Minimum Viable Products are these products with the features that allow them to be deployed. A Minimum Viable Product (MVP) is a strategy used to avoid building the products that customers may reject or do not want. It is a strategy and a process that is directed towards making and selling products to customers. Ries, the brain behind MVP, defines MVP as “the version of a new product that allows a team to collect the maximum amount of validated learning about customers with the least effort” (Ries, 2009). MVP is decidedly and not formulaic. This means that MVP is an interactive process that requires idea generation, judgment, prototyping, data collection, presentation, analysis, evaluation, and learning.
Minimum Viable Products are very important to the lean startup process. The Lean Startup is majorly concerned with creation and management of startups and getting a desired product to the customers faster. Lean startup must therefore involve the development of minimum viable products. The process begins with visualization of the problem that requires to be solved. The next step is the development of the MVP to start the learning process as fast as possible. The startup can then work, upon the establishment of MVP. This involves measurements and learning, and includes actionable metrics that demonstrates the cause and effect question (Ries, 2012).
DQ2: If you were going to start a new restaurant, what could be an MVP (Minimum Viable Products) for that restaurant, and why?

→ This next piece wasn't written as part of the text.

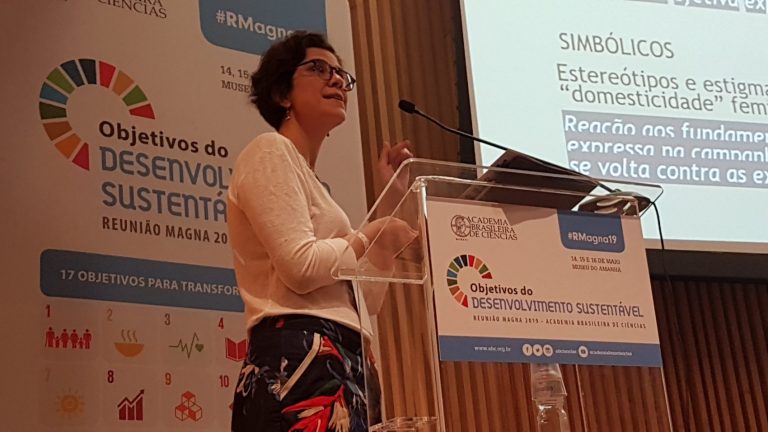 Flávia Biroli na Reunião Magna da Academia Brasileira de Ciências: "A precarização do emprego fez também com que aumentasse a diferença salarial entre mulheres e homens. É bastante provável prever que esse quadro de desigualdade tende a continuar se aprofundando" (Foto Oscar Valporto)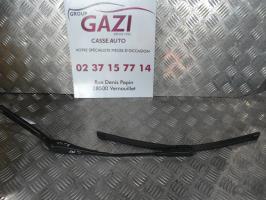 Bras essuie glace avant gauche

The main purpose of MVP is learning in order to make essential decisions concerning the direction of the business. Its intention is to accelerate the learning process. For a new restaurant, an MPV could be the menu. A menu is an essential feature for a new restaurant. As an MVP, it would enable the restaurateur avoid dishes that customers may reject, by testing whether a certain menu is appealing to the customers. This gauges the likelihood of success. It helps in learning and making essential decisions concerning the restaurant’s menu, such that the dishes served are not considered underwhelming to the target market.